- **Source data**
═══

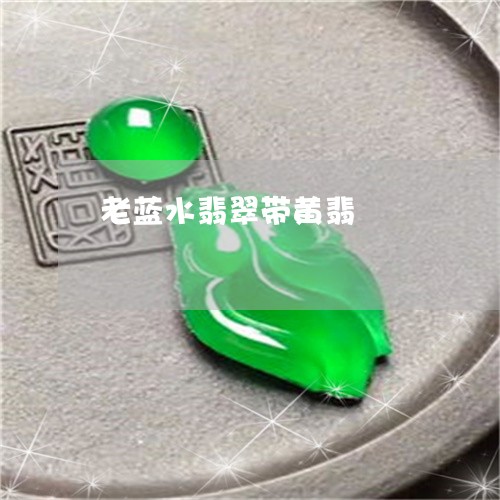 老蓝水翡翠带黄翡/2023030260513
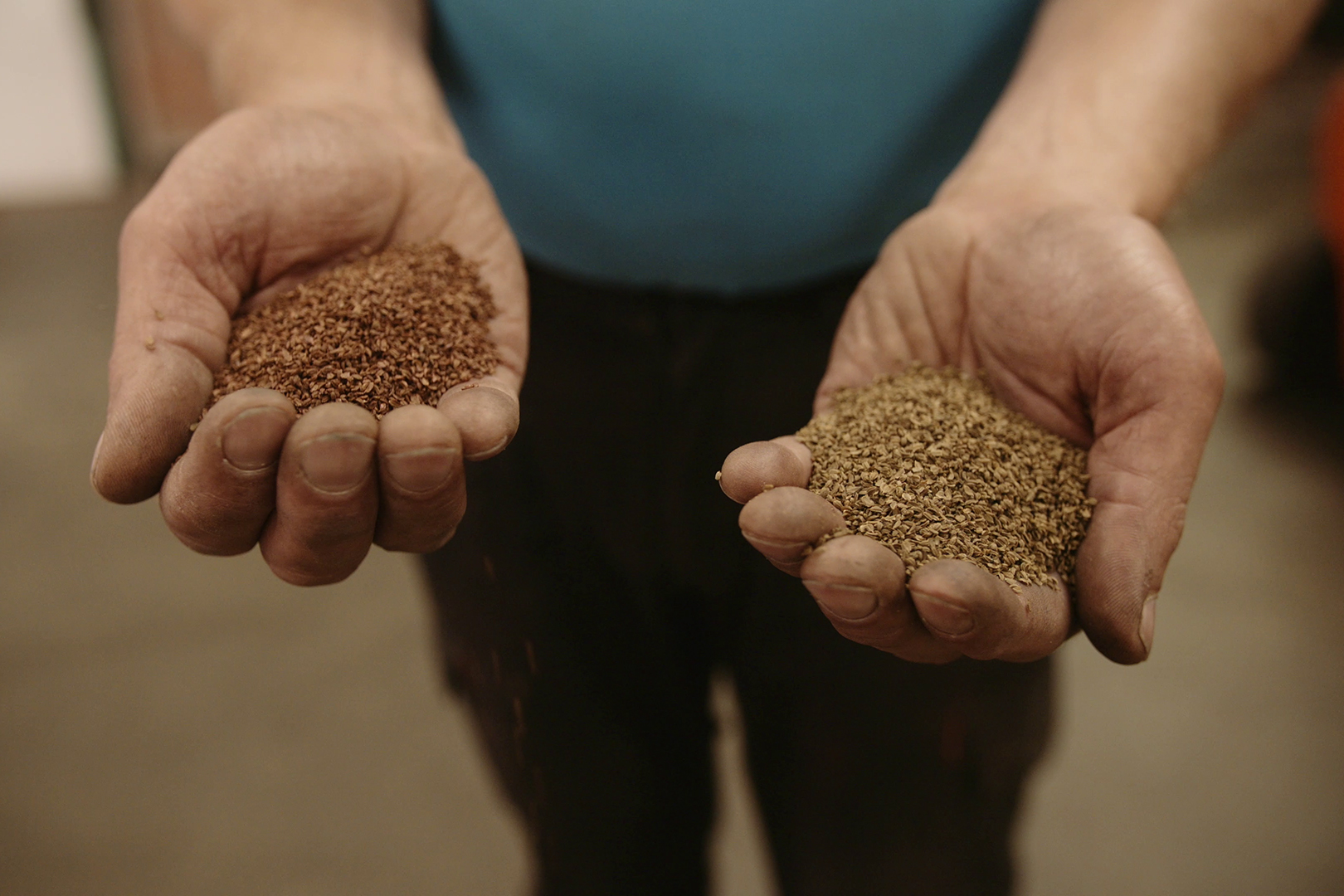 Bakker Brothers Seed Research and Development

═══

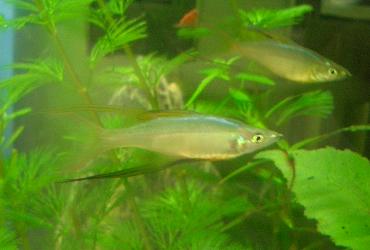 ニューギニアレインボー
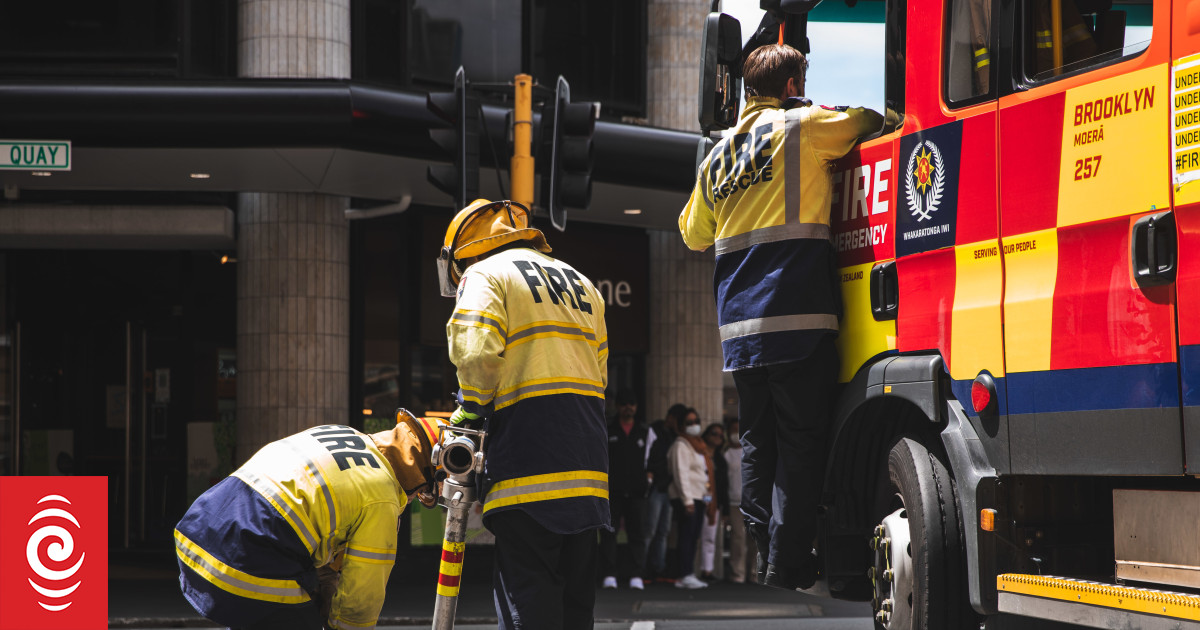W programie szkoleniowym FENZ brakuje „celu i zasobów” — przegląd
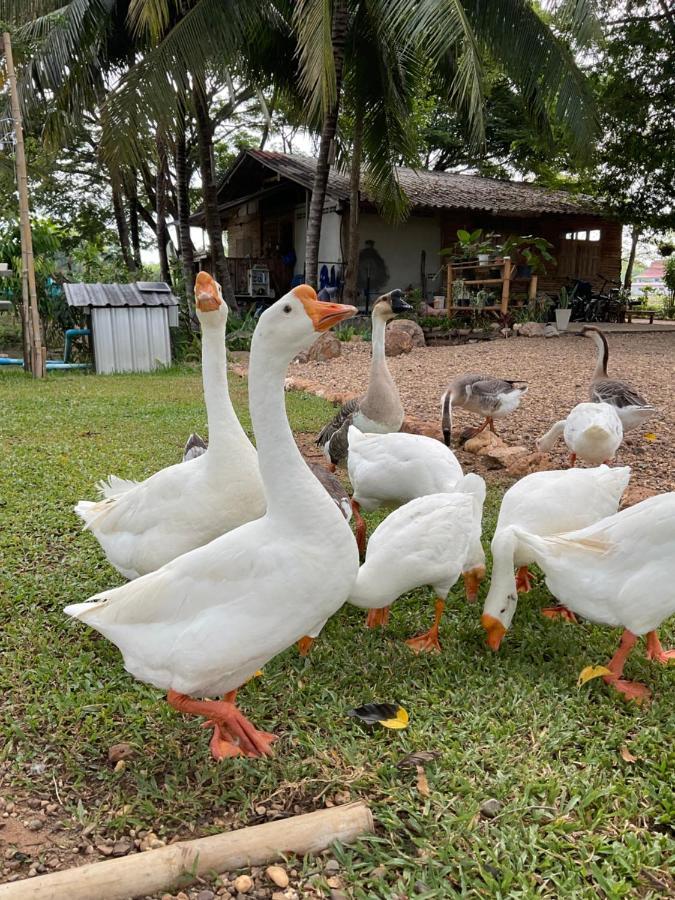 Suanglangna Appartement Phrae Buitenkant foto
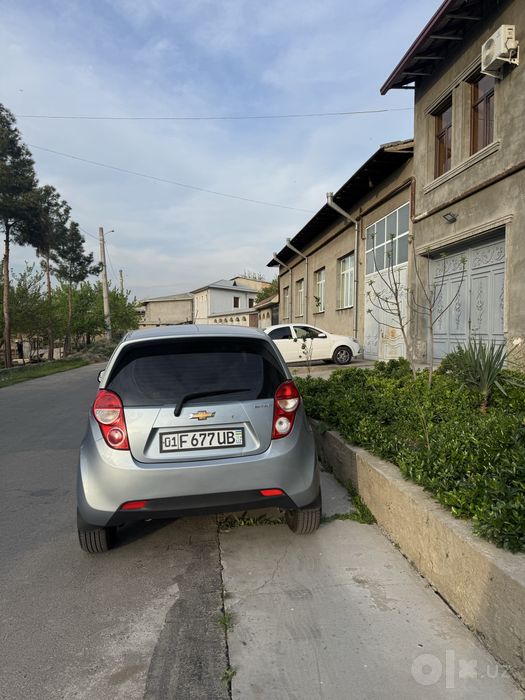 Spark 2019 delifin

═══

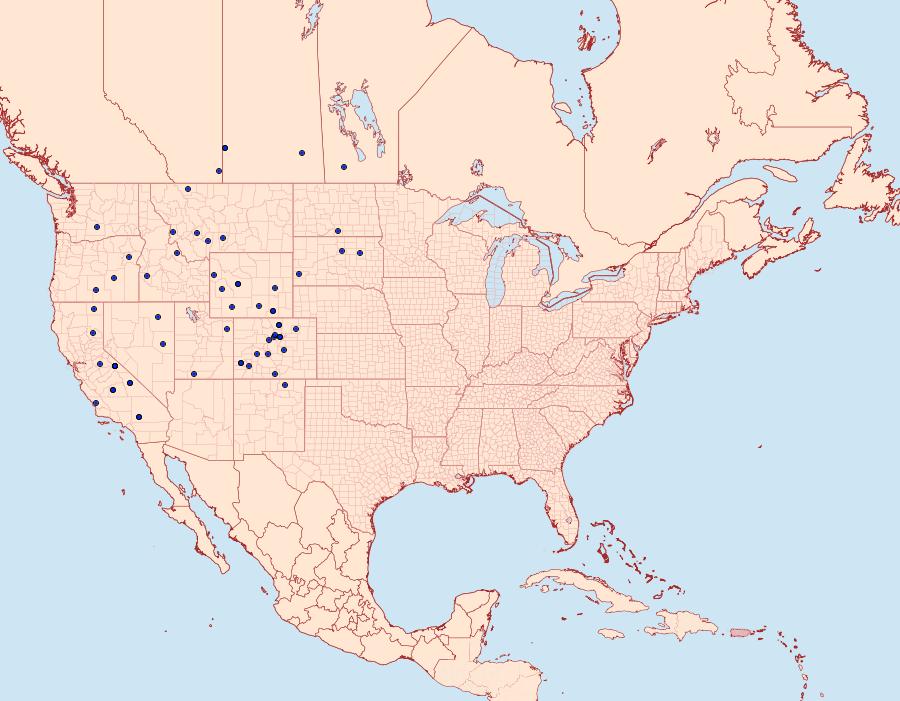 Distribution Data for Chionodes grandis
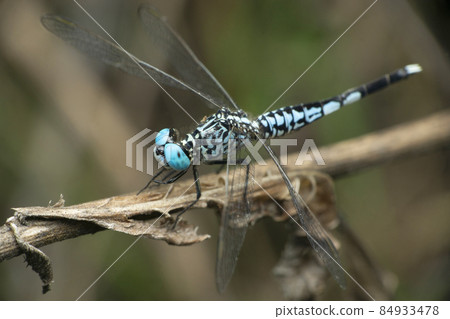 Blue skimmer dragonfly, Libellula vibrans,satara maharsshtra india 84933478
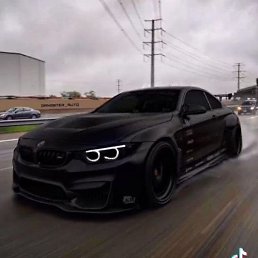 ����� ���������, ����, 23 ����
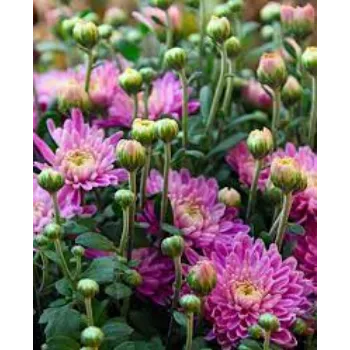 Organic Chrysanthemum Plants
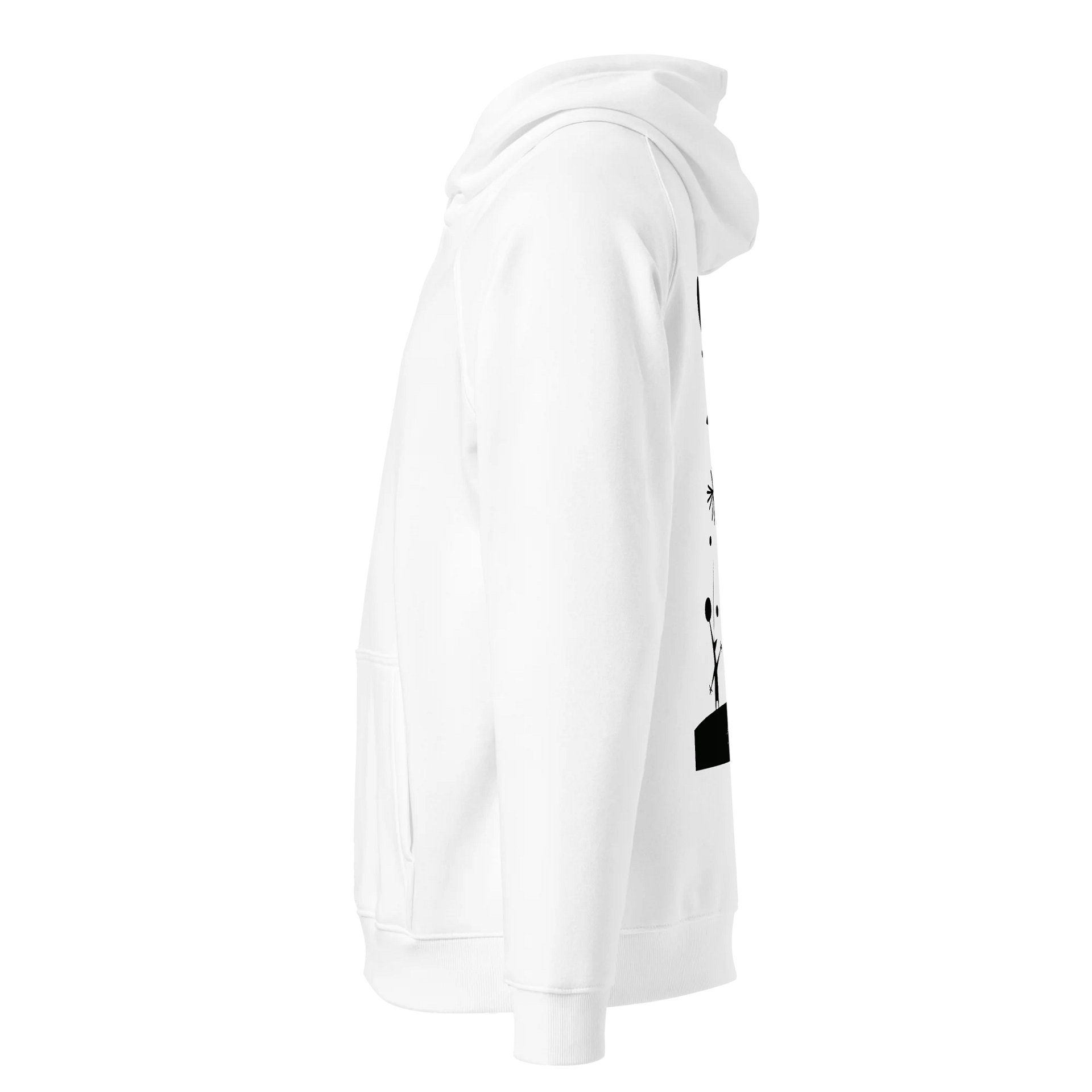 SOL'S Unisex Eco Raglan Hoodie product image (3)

═══

- **Task description**
Copy exactly the lines of the listing above between the one holding "Distribution Data for Chionodes grandis" and the one holding "SOL'S Unisex Eco", inclusive; omit all pictures.

- **Response box**
 Distribution Data for Chionodes grandis
 Blue skimmer dragonfly, Libellula vibrans,satara maharsshtra india 84933478
 ����� ���������, ����, 23 ����
 Organic Chrysanthemum Plants
 SOL'S Unisex Eco Raglan Hoodie product image (3)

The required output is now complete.